AI literacy and assessment
We took a similar approach to support students. AI literacy is now embedded in our Key Stage 3 digital skills curriculum, replacing earlier one-off workshops. Students explore potential AI career pathways and engage with issues such as bias, reliability and data ethics. This has helped to normalise AI as a topic for inquiry and has enabled students to develop confidence as thoughtful users.
Growing student engagement prompted us to reflect on assessment. It became clear that traditional definitions of plagiarism were no longer satisfactory in an environment where hybrid human and AI writing is becoming normal. Eaton’s (2023) principles of postplagiarism helped us to understand how concepts of authorship and originality are shifting in an AI-enabled world. At the same time, this remains an area of tension as schools continue to balance new possibilities for learning with legitimate concerns around integrity, fairness and accountability.
To respond constructively, we are actively exploring the AI Assessment Scale developed by Perkins et al. (2024). This offers a continuum of AI use, from prohibited to fully permitted support, and is helping us to frame discussions about when and why AI may be appropriate.
Together, these frameworks have encouraged us to rethink assessment in ways that prioritise student agency. We are beginning to explore tasks that emphasise process, reflection and personal voice, recognising that creativity can grow when the role of AI is acknowledged openly.
Outcomes and early impact
Evidence from teacher and student surveys shows several emerging benefits. Teachers report growing confidence in using AI to support administrative tasks and resource creation, alongside greater clarity about when AI is appropriate. Informal sharing of practice has also increased across departments.
Students show increased awareness of AI’s capabilities and limitations and greater ease when engaging with AI-assisted tasks. Conversations about integrity, purpose and authorship have become more open and informed. Embedding AI literacy at Key Stage 3 has helped to position students as active participants rather than passive users.
We have seen shifts in how teachers understand risk. Rather than avoiding AI, teachers are engaging with it more critically and creatively. Our policy and accompanying structures have provided a shared language for discussing challenges and helped to create a safer environment for experimentation.
Conclusion
Developing an ethical and creative approach to AI at St Colman’s College has led to more than a set of protocols. It has fostered a culture rooted in transparency and reflective, shared professional responsibility.

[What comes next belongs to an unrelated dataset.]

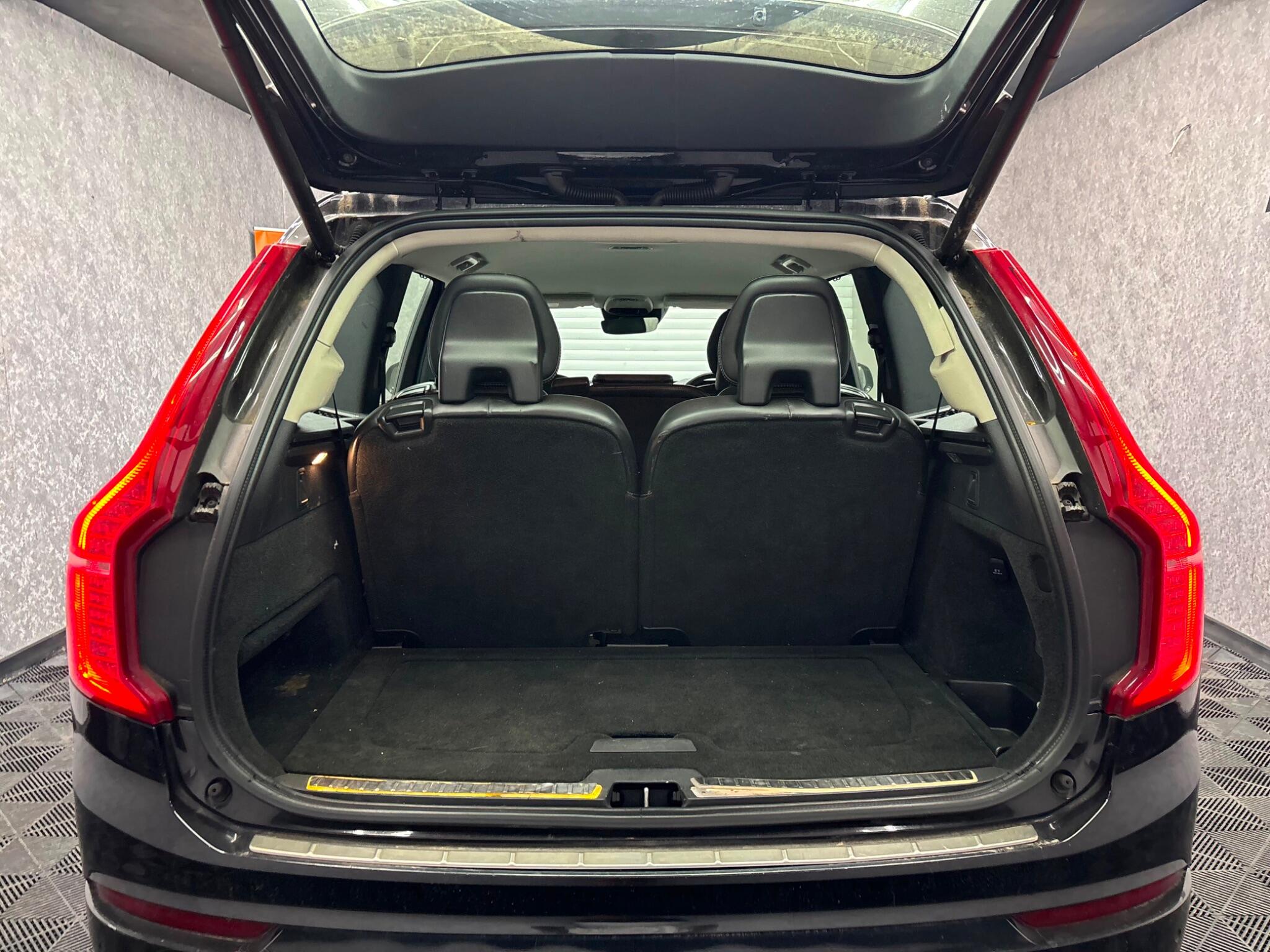 Volvo XC90 view 23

By connecting policy with day-to-day practice and investing in teacher and student understanding, we have begun to navigate the opportunities and challenges of AI in a deliberate and principled way.
Although the landscape continues to evolve, our experience suggests that strengthening integrity, encouraging creativity and supporting teachers and students to act with confidence are essential to meaningful AI integration. Through reflective leadership and collaboration, we are moving beyond compliance towards a culture where AI supports, rather than replaces, human judgement and purposeful learning. We hope that our experience offers a useful reference point for others as they shape their own approaches.
The examples of AI use and specific tools in this article are for context only. They do not imply endorsement or recommendation of any particular tool or approach by the Department for Education or the Chartered College of Teaching and any views stated are those of the individual. Any use of AI also needs to be carefully planned, and what is appropriate in one setting may not be elsewhere. You should always follow the DfE’s Generative AI In Education policy position and product safety standards in addition to aligning any AI use with the DfE’s latest Keeping Children Safe in Education guidance. You can also find teacher and leader toolkits on gov.uk.